I think you are going to hear more about reference-based pricing. Some history:
What stops a provider from charging whatever they want for care? Let’s say a doctor charges $200 to remove a splinter. If the patient were paying, she/he might try to negotiate the charge or get care elsewhere. But they are most often not. The payor is typically the health plan.
So, the concept of “usual and customary” arose, where the health plans surveyed prices throughout the market and determined the prevailing rate. Reimbursement to the patient was limited to that rate and the patient was “balanced billed” for any excess costs, in addition to their normal cost-sharing. Then along came the HMOs and “network” plans. The contract (or negotiated) rate became the basis for payment to providers and patients were billed plan copays. The two concepts were merged, and in-network care was reimbursed based upon contract rates and out-of-network care based upon prevailing or usual and customary (UCR) rates.

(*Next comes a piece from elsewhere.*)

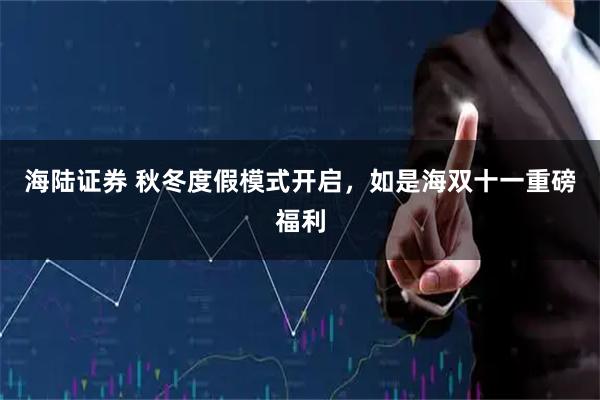 海陆证券 秋冬度假模式开启，如是海双十一重磅福利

In order to discourage use of out-of-network services, the UCR was reduced from the amount which the 90th percentile provider charged, to the 70th percentile. And now, because of abuse by the providers, it is based upon Medicare allowable charges. All of this meant more balance billing to patients for out-of-network plans. And when copays for in-network care weren’t enough to control utilization in-network, cost-sharing and then high deductible plans were introduced, and patients had to refamiliarize themselves with cost-sharing. Very confusing isn’t it? All of this was to encourage patients to be consumers – but there was little success. The system is too confusing, and patients found it too complicated to shop for care.
Now there is a new payment model entering into the scene, known as “reference-based pricing” and it is catching on in some markets. The amount paid is based on a preset charge for each procedure code, and a multiple of Medicare’s reimbursement rate for hospital charges. The employee is given a tool to find providers willing to make services available for the preset rate. Typically, patients are free to use any provider, but charges in excess of the preset rate are not reimbursed and can be balance billed to the employee.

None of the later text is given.